# Lightweight .308



## Champion22 (Jan 18, 2008)

Any thoughts from all about a lightweight bolt and/or lever action .308? 

Not interested in AR platform. Want a simple setup for my Xsight so my son can start practicing for next year. My knights armament with Xsight may weight 12 pounds...(haven't really weighed it but it sure is heavy).

Just curious as to some potential thoughts. Also, not wanting to break the bank.

Thanks
Robbie


----------



## Jungle_Jim (Nov 16, 2007)

Tikka T3 lite stainless


----------



## peckerwood (Jun 9, 2012)

My S&W .308 made by Husqvarna is the lightest rifle I own and the one that has gotten the most use after 40 years.If I had to buy another rifle,I would shop around for an old S&W or a full fledge Husqvarna.Scope,sling and gun I bet doesn't weigh 6lbs.Later on,they gave their rifle contract to I think Mossberg and are no where near as nice of a gun.


----------



## peckerwood (Jun 9, 2012)

Just done some research and the later S&W's were made by Howa of Japan.


----------



## Csafisher (Nov 16, 2010)

peckerwood said:


> My S&W .308 made by Husqvarna is the lightest rifle I own and the one that has gotten the most use after 40 years.If I had to buy another rifle,I would shop around for an old S&W or a full fledge Husqvarna.Scope,sling and gun I bet doesn't weigh 6lbs.Later on,they gave their rifle contract to I think Mossberg and are no where near as nice of a gun.

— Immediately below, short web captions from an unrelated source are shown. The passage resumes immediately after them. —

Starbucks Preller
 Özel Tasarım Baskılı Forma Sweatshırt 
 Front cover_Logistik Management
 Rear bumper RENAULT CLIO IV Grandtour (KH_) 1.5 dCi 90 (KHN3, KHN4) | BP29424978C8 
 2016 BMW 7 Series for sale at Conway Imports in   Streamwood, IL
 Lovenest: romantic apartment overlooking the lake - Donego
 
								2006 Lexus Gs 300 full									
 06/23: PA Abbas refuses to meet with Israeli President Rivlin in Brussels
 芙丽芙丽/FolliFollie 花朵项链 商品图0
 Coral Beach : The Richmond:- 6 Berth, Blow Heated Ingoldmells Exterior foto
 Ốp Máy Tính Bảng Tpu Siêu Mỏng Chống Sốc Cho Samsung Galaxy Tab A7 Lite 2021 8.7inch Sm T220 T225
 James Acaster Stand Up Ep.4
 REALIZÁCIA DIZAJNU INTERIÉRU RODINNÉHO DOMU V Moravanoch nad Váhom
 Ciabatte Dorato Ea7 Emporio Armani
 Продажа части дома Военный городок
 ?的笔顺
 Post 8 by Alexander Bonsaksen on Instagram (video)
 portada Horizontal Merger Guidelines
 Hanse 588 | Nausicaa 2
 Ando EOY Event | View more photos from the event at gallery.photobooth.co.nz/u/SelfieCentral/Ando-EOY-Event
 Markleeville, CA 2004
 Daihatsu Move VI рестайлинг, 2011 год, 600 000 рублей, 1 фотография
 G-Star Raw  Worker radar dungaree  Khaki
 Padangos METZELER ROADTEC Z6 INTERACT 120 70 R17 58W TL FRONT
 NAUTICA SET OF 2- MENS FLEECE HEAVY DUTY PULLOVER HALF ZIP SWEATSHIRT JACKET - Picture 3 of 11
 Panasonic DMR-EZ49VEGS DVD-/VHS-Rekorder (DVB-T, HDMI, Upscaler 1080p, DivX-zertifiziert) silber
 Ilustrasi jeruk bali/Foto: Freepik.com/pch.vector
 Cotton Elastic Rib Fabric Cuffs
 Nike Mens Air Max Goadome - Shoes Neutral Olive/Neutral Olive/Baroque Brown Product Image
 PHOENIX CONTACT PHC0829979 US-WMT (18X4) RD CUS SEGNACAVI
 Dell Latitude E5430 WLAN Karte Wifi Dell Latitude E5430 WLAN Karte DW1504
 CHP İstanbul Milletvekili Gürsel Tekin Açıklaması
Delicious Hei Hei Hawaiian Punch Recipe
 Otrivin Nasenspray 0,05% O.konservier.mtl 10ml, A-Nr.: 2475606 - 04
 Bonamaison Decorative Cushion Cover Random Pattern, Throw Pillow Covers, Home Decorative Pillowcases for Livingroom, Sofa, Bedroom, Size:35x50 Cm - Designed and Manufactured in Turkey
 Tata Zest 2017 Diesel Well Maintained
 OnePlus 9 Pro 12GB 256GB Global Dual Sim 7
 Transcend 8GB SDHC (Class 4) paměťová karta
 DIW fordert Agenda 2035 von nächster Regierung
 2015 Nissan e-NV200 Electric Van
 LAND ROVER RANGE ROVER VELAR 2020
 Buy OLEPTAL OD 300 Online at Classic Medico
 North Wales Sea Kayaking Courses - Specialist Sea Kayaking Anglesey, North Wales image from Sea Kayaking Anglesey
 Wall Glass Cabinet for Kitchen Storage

I have a .300wm husky imported by S&W and it is light as well. Absolutely love that rifle. Not sure about S&W but husqvarna was later manufactured by carl gustav for a little while I think.

But I would take a look at a tikka t3 lite for sure. Light and accurate.


----------



## mlw85547 (Nov 2, 2015)

My Ruger GSR is said to be 7 lbs dry. I really like it for hunting east texas. I have a 1.5-4x leupold intermediate eye relief scope (i dont consider it to be a scout scope) mounted on it. with the 16" barrel it is really convenient in the blind and relatively light and compact when compared to some of the other guns guys are using at my lease. 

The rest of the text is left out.